At 9:39 AM, Blogger Gillian Layne said...

Thank you, Diane!

I got my second wish as well, no work today.... but it's come with (another!) ice storm. Maybe in between board games with the kiddos, I can get a bit more done with my story.

At 10:08 AM, Blogger Esri Rose said...

Gillian: Make the kiddies help you with plot twists. Their random little minds should be good for that.

At 11:21 AM, Blogger Gillian Layne said...

Ever use name generators? Talk about a way to entertain the kids AND waste a few hours....

Fantasy Name Generator, which is cool because it allows for length of name, vowels, hyphens, etc.

This is a d&d site; I've never played the game, but I like the names and the fact you can ask for a 'noble' or a 'commoner'.

At 11:27 AM, Blogger Theresa Ragan said...

This is a fun post, Mary!

I love picking names for my characters and I, too, sometimes use the phone book. I also use my kids' school directory, which doesn't always work out well. One of my mains characters has the name Dominic DeMarco and he's a classmate of my youngest daughter and she says if my book ever sells I have to change his name. Ha!

I loved making up names for my medieval characters. I had Otgar and Hugo in my first book. I found those names in one of my many research books...can't remember which one now.

I tend to pick simple names for my contemporaries. So far my heroes are: Max, Joe, two Dereks, Jackson, and Dominic, to name a few. For secondary characters I like to use names of people I Esri! :) I like that one!

At 12:50 PM, Blogger Diane Gaston said...

Names are really important. I've been diddling around with names for my heroine in the proposal I'm working on and FINALLY I've found one that I think fits.
My heroine was Laura for many weeks, but, lovely as the name is, she just wasn't a Laura.
Suddenly now that she's become Rowena the chapters are so much easier to write!

At 4:56 PM, Blogger Terry Odell said...

I try to avoid names that are similar or even start with the same letter. I've done a spreadsheet with all the letters of the alphabet in two columns, one for first names and one for last. I try to avoid repeating too many (like the time I was writing a scene with Laughlin, Lalone and Langley -- had to change two of those!) Also, on advice from a workshop, I do everything possible to avoid using the initials of my h/h for anyone else in the book at all. Of course, things get tricky when you get to recurring characters and realize you had a throwaway name (Janie) used once in book 1, and then she comes back as an 'on the page' character in another book, and she's in scenes with Jennifer. But since both characters were in the first book, I was stuck.
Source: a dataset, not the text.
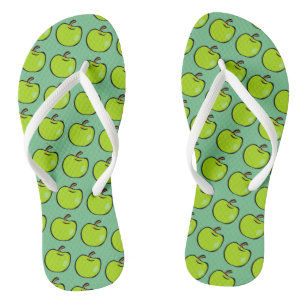 Tongs Motif de pomme vert de dessin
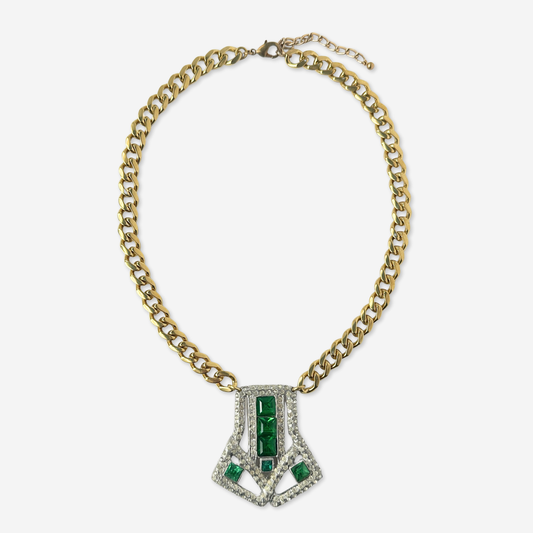 Large refashioned vintage clear and green rhinestone deco pendant necklace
For finding names -- I use names of people I know, but never same first and last. And I manage the membership for a 2000 member international society, so when I need a 'foreign' name, I'll search the database by country.

Age of character is a biggie, too.

At 5:18 PM, Blogger Diane Gaston said...

Amen, Terry! I, too, make certain I do not repeat letters of the alphabet for character names in the same book.

That is one of my biggest pieces of advice about naming characters of a book.

Another pet peeve of mine is naming female characters with male names, especially minor characters. I cannot see the sense of it and it makes things so confusing.

At 8:39 PM, Blogger doglady said...

Hey, Gillian. BIG HUG! You write such fabulous characters it was no chore to play the name game with them! And you really came up with the perfect names for your hero and heroine.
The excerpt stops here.